STRADS for neural networks is out of this paper’s scope but there can be scheduling opportunities for speedup. Dynamic partition of a large DNN into meaningful blocks (possibly other than just layerwise partition) and distribution of such blocks to workers for parallel learning offers another source for speeding up.

-Evaluation metrics for LDA and MF

We calculated the LDA log-likelihood and MF objective function on the training data. Our intent is to show that STRADS accelerates the convergence of ML algorithms during the training phase.

-Memcached configuration for YahooLDA

We used the newer WSDM’12 YahooLDA (rather than VLDB’10, which the reviewer is referring to), that no longer uses memcached, and insensitive to configuration.

-Storage/distribution of summary statistics D and B

We store both D (doc-topic) and B (topic-vocab) in a distributed fashion. Only B needs to be synchronized across all workers; for B we used a lightweight distributed key-value store. For D, we only kept a local partition in each worker.

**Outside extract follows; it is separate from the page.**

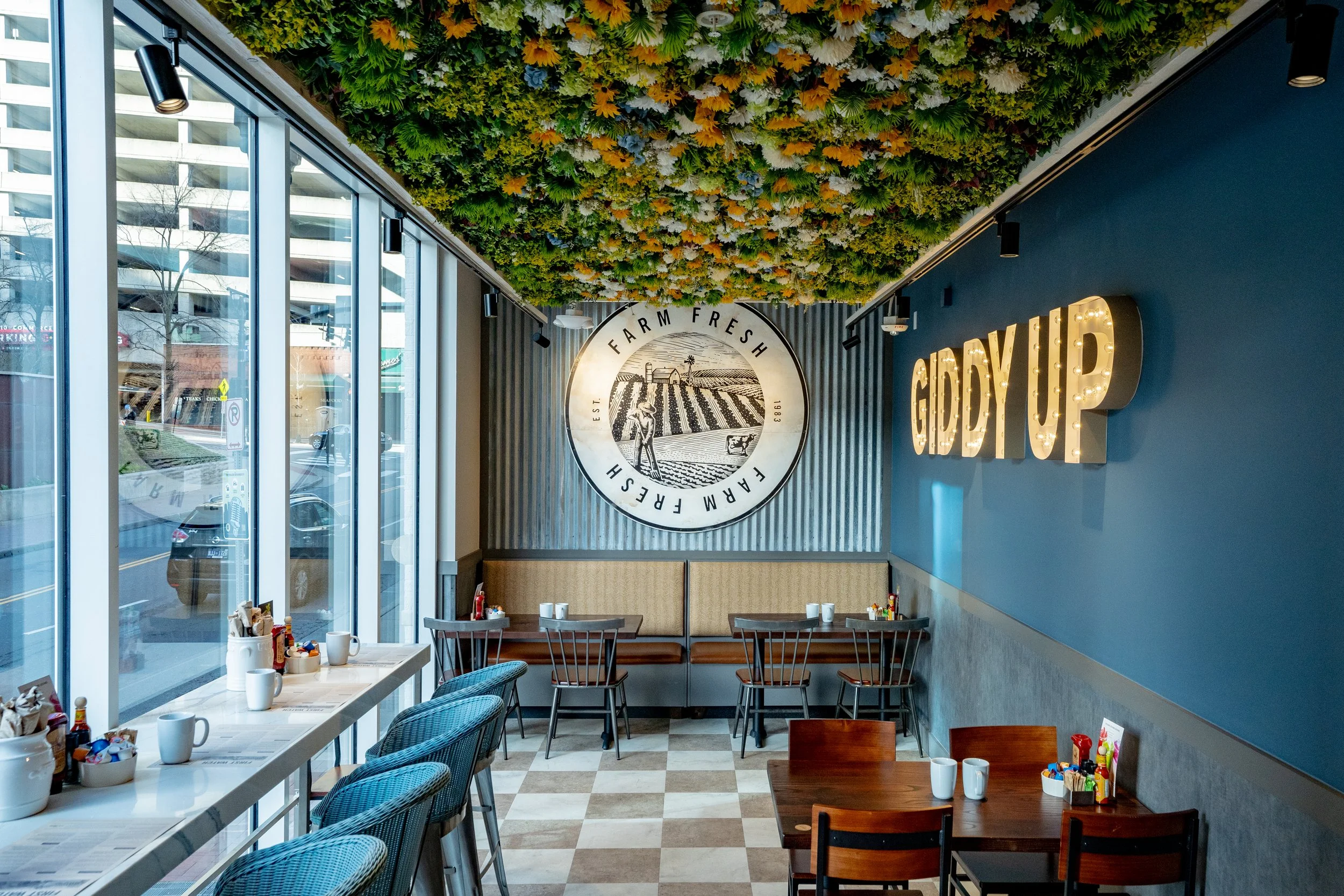 Hospitality | First Watch Nashville, TN | Custom Ceiling Treatment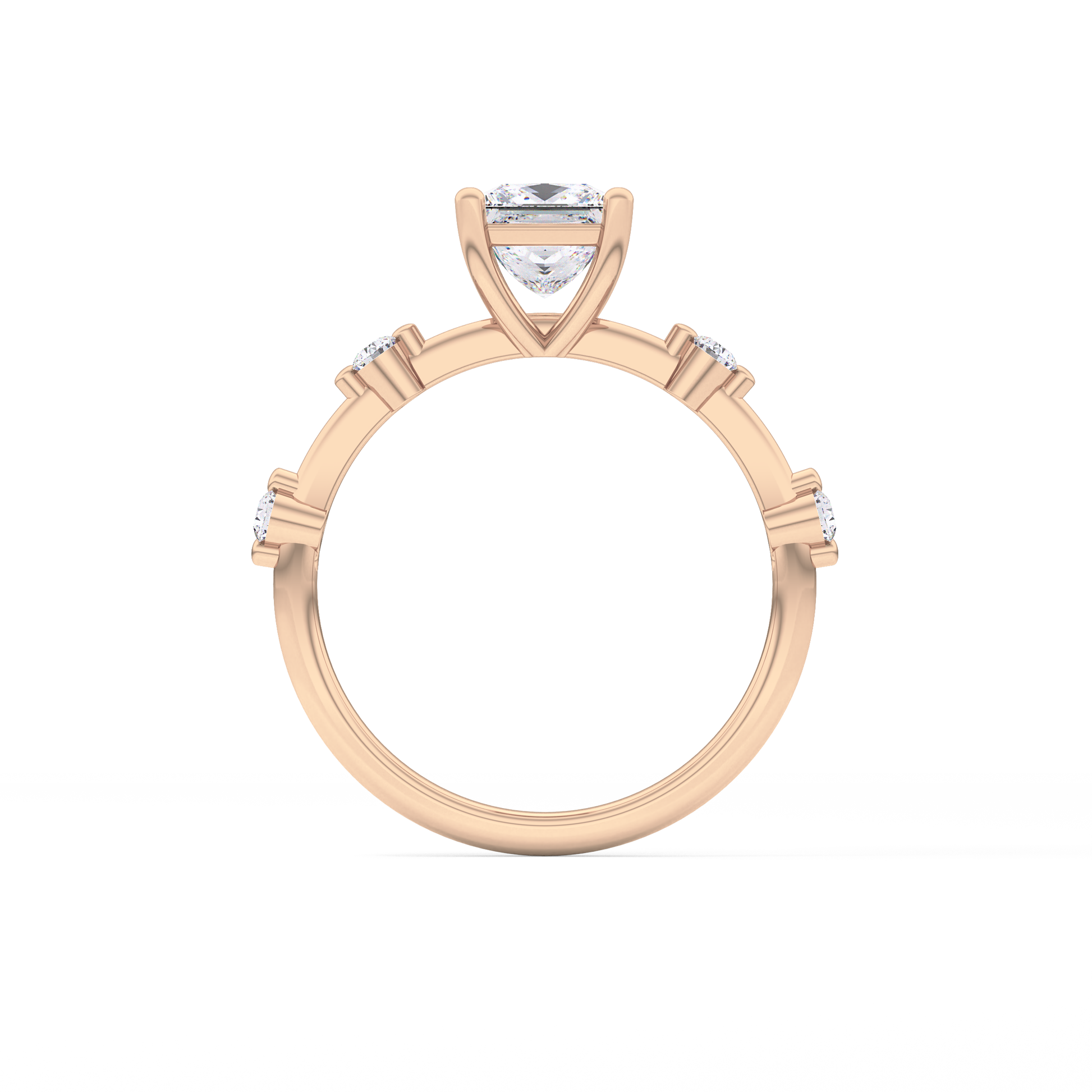 Princess Cut 1.04 Carat Moissanite Ring – Dainty Setting in Gold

-Different algorithms used in STRADS MF and GraphLab MF

CCD MF is not available in the latest GraphLab 2.2, so we compared against ALS MF instead. We were unable to compare STRADS MF with the method in [9] since the code for [9] is publicly unavailable.

R3:

-Cost of parameter sync

Parameter synchronization efficiency is not the focus of this paper, but as future work, we would augment STRADS with a parameter server for efficient parameter synchronization (e.g. Ho et al., 2013).

-Cost of evaluating scheduler inner products in Lasso

Computing inner products is not a bottleneck. Schedulers compute them for only subsampled features; further, we overlap communication and computation for efficiency. We always included scheduling machines in our machine counts, for fairness.